In Ankara I had originally planned on getting my Iranian visa. By the time I had arrived though I was pretty sure that I wouldn’t be going via the middle east. Instead I planned on sorting out other visas I might need, getting cold weather clothes and getting my bike checked over.
In the end I only did one of these…my bike is now I hope in better condition! The service was almost overdue as I had nearly worn the brake pads down the metal.
I didn’t bother getting the visas for Azerbaijan, Kazakhstan or Uzbekistan in Ankara as I figured I could get them as easily in Georgia. As for cold weather kit: it had warmed up a fair bit and I didn’t fancy lugging around anything extra I might not need for a few weeks.
In Ankara I didn’t do much sight seeing. This is mainly because there are not many sights in Ankara to see and I had seen most of them when I was there on holiday a few years ago.
I did get shown round the city by someone who hosted me for couchsurfing for a couple of nights which was better than wandering around on my own! I also spent a couple of nights in a hostel there and went around the Turkish equivalent of the Tate Britain with an Iranian artist staying in the same room as me.
Four nights in Ankara had left me pretty restless and I was glad when leaving time arrived, especially as it was now warm enough again for me to ride in shorts and cycle jersey only.

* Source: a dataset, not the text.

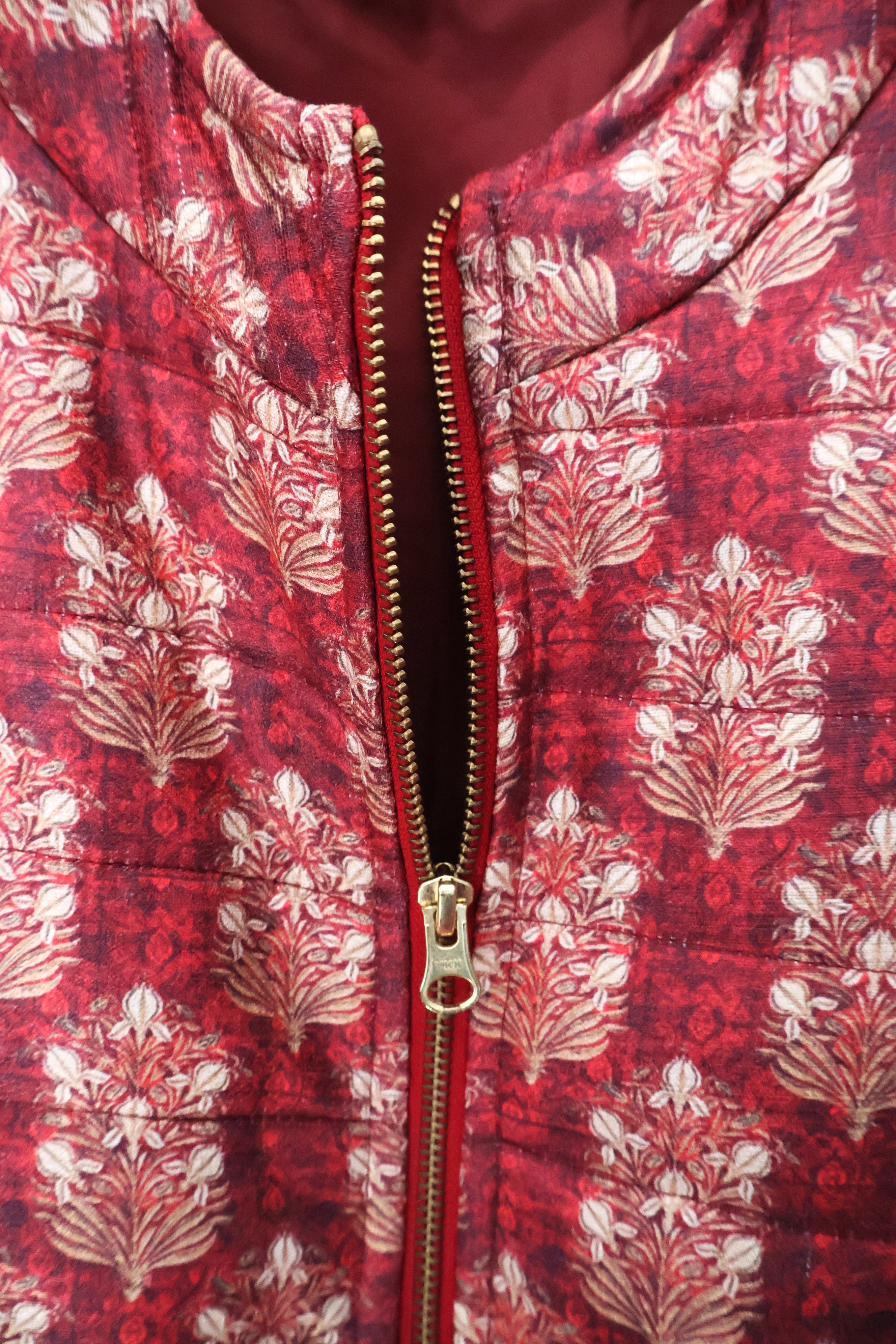 Royal Crimson Heritage Quilted Silk-Blend Jacket for Women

It was not long after I had ridden out of the city that I realised in my eagerness to set off I’d forgotten my bike lock. I thought this was going to be a real pain as I did not know when I would next be in a city with a proper bike shop. When I got to Golbasi (the next town from Ankara) I decided to ask around. After a few enquiries I eventually ended up at what I guess was a cycle mechanics as it had bikes in various states of repair outside. When I asked for a lock the guy there brought back something that looked like a determined thief could chew through it. As it was less than GBP 2 I bought it anyway in case I couldn’t find anything better.
Then I remembered the chain that was hanging outside one of the shops I had asked directions at. So riding back I bought my first length of chain in order to use it as a lock with a padlock. The chain looked like it might damage the bike on its own so I got the man in the shop to cut me some hose to put round it. Annoyingly the chain kept slipping through the hose so next we tightened a couple of hoselocks at either end to prevent this. I now had a pretty heavy duty looking bike lock that cost 5 Turkish Lira or less than GBP2. Of course all you needed to get through it was a pair of chain cutters but that had been the case with the old lock too.
I then rode on across more seemingly never ending Turkish roads, happy I had realised I could read my kindle while riding.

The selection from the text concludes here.